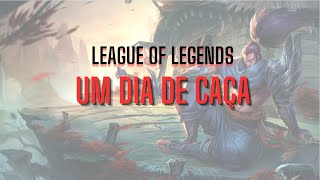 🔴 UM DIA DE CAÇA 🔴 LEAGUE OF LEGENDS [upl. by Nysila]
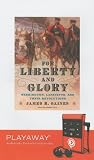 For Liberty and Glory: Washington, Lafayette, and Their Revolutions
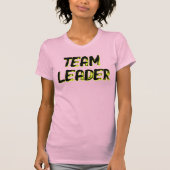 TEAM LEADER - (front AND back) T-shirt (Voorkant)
++++++
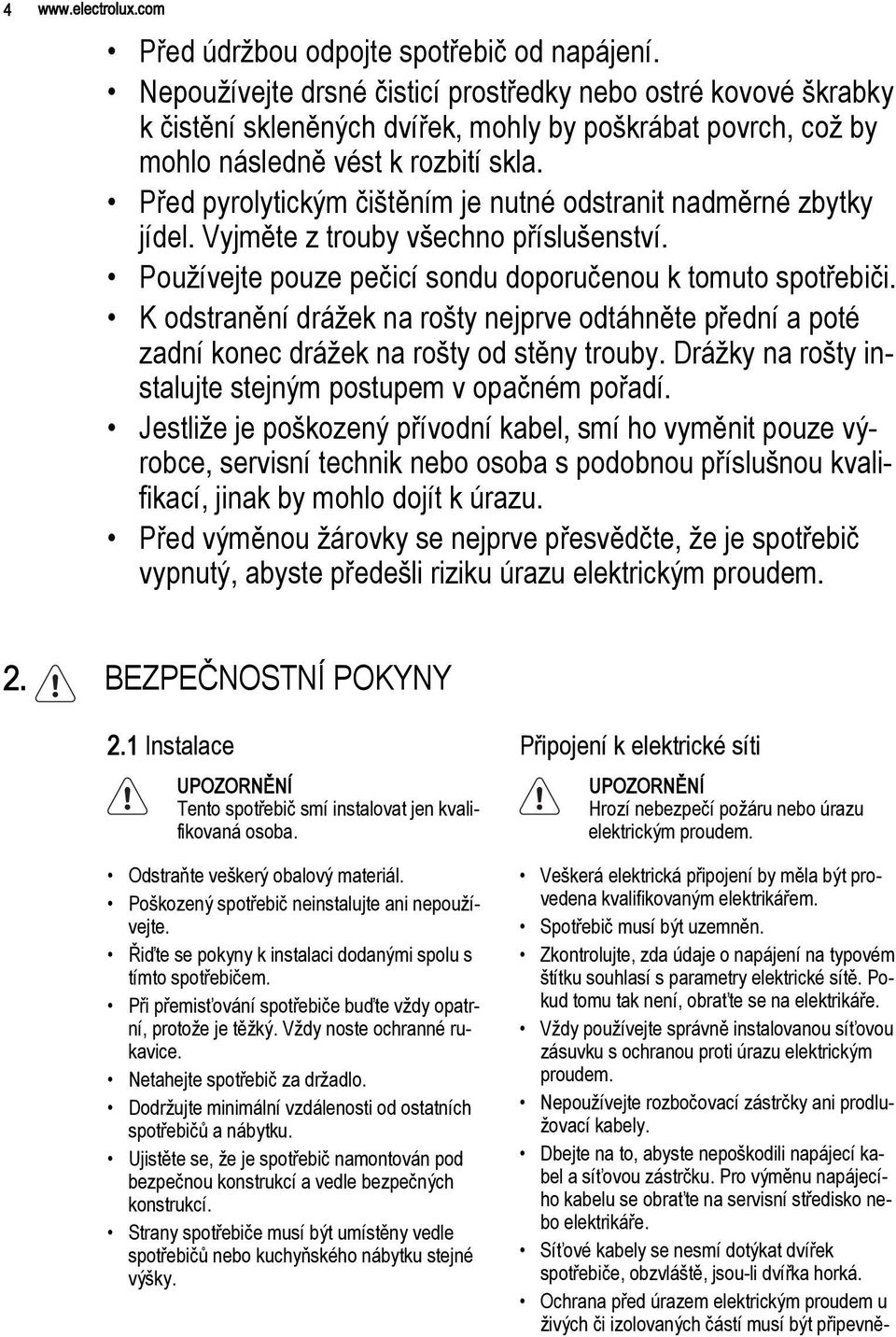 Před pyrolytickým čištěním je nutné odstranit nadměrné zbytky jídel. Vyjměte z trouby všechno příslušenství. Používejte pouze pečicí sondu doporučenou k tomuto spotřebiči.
++++++
Precisely those lines above that run from the line with "For Liberty and" up to and including the line with "TEAM LEADER - (front" are to be set down, with the pictures omitted.

 For Liberty and Glory: Washington, Lafayette, and Their Revolutions
 TEAM LEADER - (front AND back) T-shirt (Voorkant)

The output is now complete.